~~ I checked the tutorial on the net and it didn't work, so I will post it as a reminder. ~~ [2019/11/22 postscript] It's embarrassing, but this case seems to have been caused by my misunderstanding, and the problem I was presenting at the beginning did not occur in the first place. .. .. I will leave the article because the behavior around ".//" seems to be a little helpful, including the meaning of self-discipline.

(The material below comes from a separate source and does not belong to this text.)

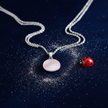 Silver Dust + Ladybug Navy Velvet
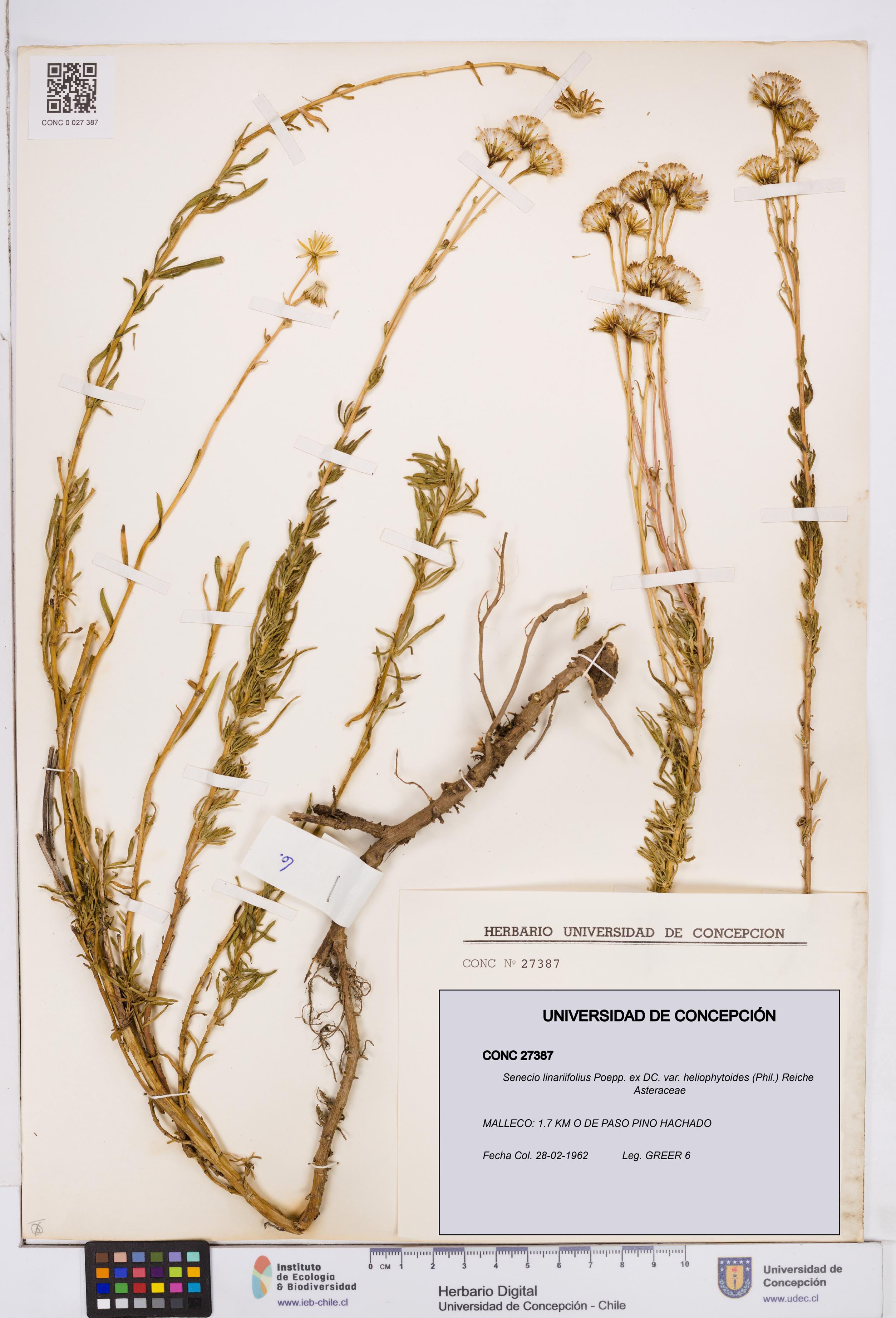 Senecio linariifolius var. heliophytoides [Espécimen: ]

I had an opportunity to handle XML (character code is EUC-JP) in python3, and I was dealing with it
test.xml(The file that was originally handled had more tags than this, and there were many attribute values, etc.)
<root><tag>
<hoge>
<hogehoge>aaa</hogehoge>
</hoge>
<fuga>bbb</fuga>
<fugo>ccc</fugo>
・
(Omitted)
・
</tag>
<tag2>
・
(Omitted)
・
</tag2>
</root>
The access methods to the elements are as follows.
test.py
import xml.etree.ElementTree as Et
def test():
# ElementTree.parse()Seems to only support unicode
#Once you open the file and get the string from read
with open(r'HogePath/FugaPath/test.xml', 'r', encoding='euc_jp') as f:
root: Et.Element = Et.fromstring(f.read())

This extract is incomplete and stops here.